Income Protection Insurance


If you were unable to work for an extended period, how long would you be able to maintain your current lifestyle?

Income Protection Insurance

Income Protection Insurance

Many people think being a financial adviser involves providing advice to clients on investments and saving for retirement.  Whilst this is true, perhaps the most important aspect of any adviser’s job is to ensure our clients have suitable protection in place to safeguard their own, or their family’s, lifestyle in the event of long-term ill health or redundancy.

Unfortunately, life rarely tends to run smoothly, and it will inevitably throw various obstacles in our way.  For some, it could be catastrophic if regular salary payments were to stop unexpectedly.  This can occur for a variety of reasons, such as redundancy or company failure, however one of the biggest causes is long term unexpected illnesses.  Unfortunately, gone are the days when many employers used to offer up to six months’ full pay and six months’ half pay.  Nowadays benefits tend to be less generous.  So, the question we ask is, if you were unable to work for an extended period how long would you be able to maintain your current lifestyle?  Clients may have some savings in place but statistics show that the average Brit has sufficient savings to last for just 32 days (Source Moneyfacts).

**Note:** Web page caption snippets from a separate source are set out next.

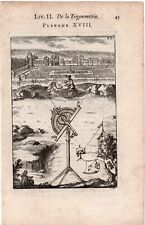 1702 Mallet Print, Surveying Graphometer, Surveyors, Surveyor, Chateau No.XVIII picture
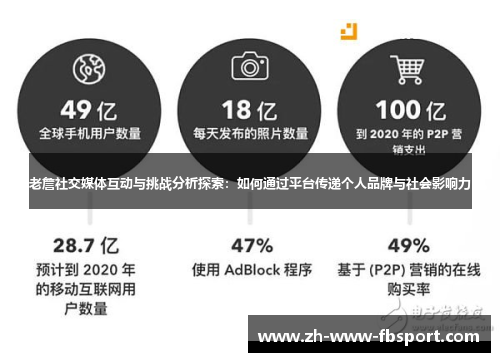 老詹社交媒体互动与挑战分析探索:如何通过平台传递个人品牌与社会影响力 老詹社交媒体互动与挑战分析探索:如何通过平台传递个人品牌与社会影响力
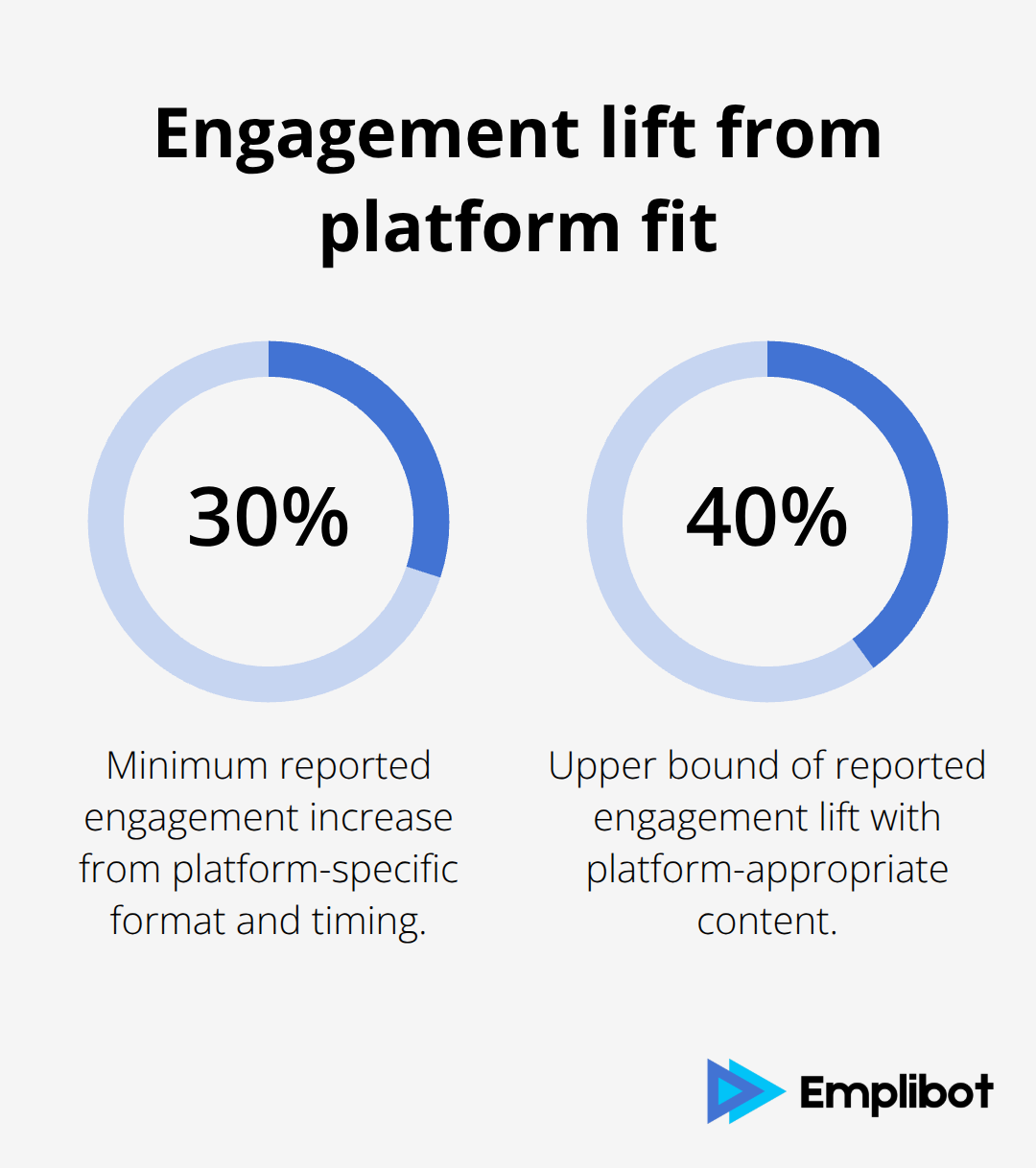 Engagement increase when content matches platform norms and timing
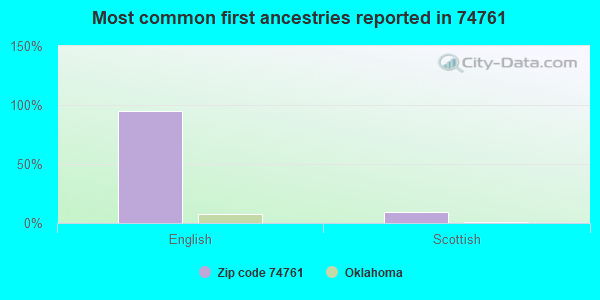 Most common first ancestries reported in 74761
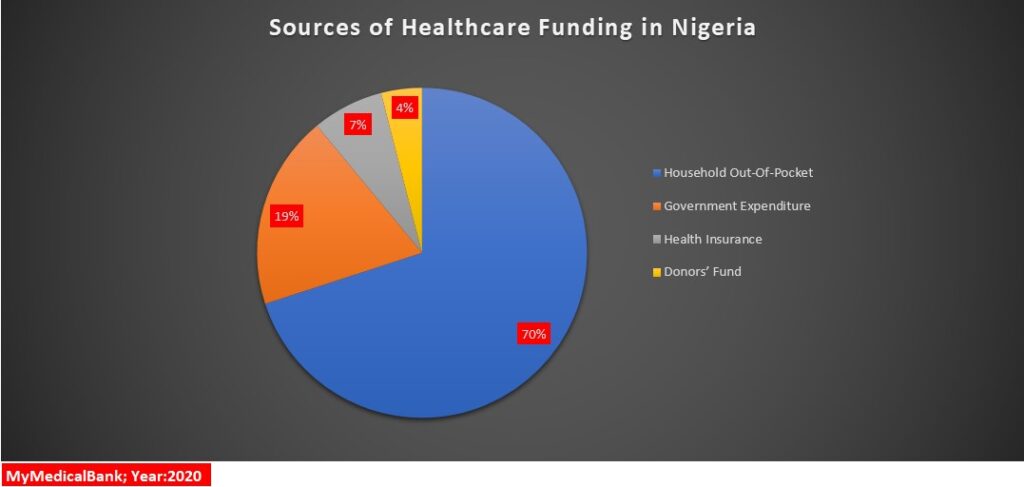 Nigeria health funding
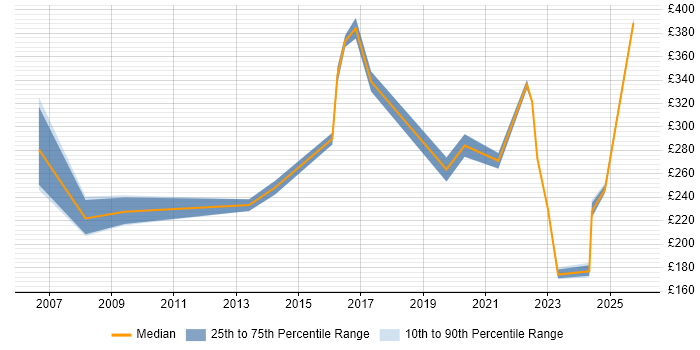 Contractor daily rate distribution trend for jobs in County Antrim citing SLA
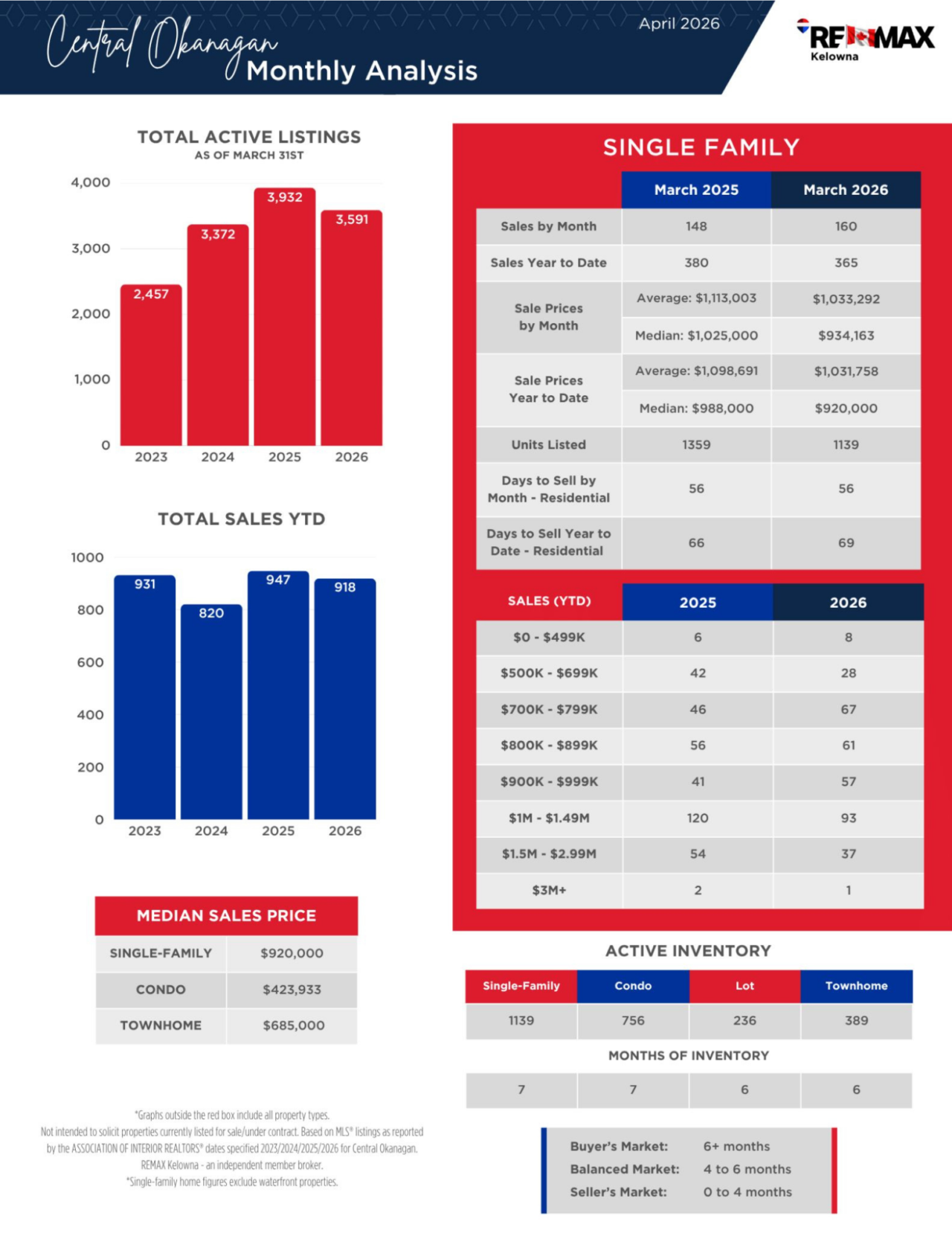 April 2026 newsletter, page 4: residential listings and sales analysis.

Unfortunately, figures from the Office of National Statistics[1] also show that in 2016, there were 828 new cancer cases diagnosed each day, 35% of which were in people under the age of 65.  In addition, data published by the Department for Work and Pensions states that as many as 960,000 employees were on sick leave for a month or more each year on average between October 2010 and September 2013.  We therefore need to understand the impact this could have on our clients and how we can help them to protect themselves against this scenario.

An income protection plan could provide  peace of mind that a person’s lifestyle will not be compromised in the event of long-term ill health.  It can typically protect up to 60% of current earnings.  It is possible to set a deferred period, which means that benefits become payable after that period.  This can be tied in to the length of time a salary may be paid in the event of ill health.  The longer the deferred period, the cheaper the premium.  An income protection plan will then pay out a regular tax-free monthly lump sum until such time as clients are able to return to work or retire, therefore providing peace of mind for the future.

Younger clients may also be worried about the possibility of redundancy and how they would meet their monthly mortgage payment.  Perhaps having cover to ensure that they can continue to meet their mortgage payments each month will help to take away some of the worry.  This will allow them the comfort of knowing that they should be able to retain the family home.  Mortgage Protection Plans are readily available and can often offer cover for a period of up to two years.  Hopefully this timeframe will be sufficient to ensure clients can find alternative sources of employment. 

We all hope these policies are not required.  However, as the old saying goes, to be forewarned is to be forearmed!

The views expressed are those of Thorntons Investments.  The contents of the article are solely for information purposes and are not intended as advice.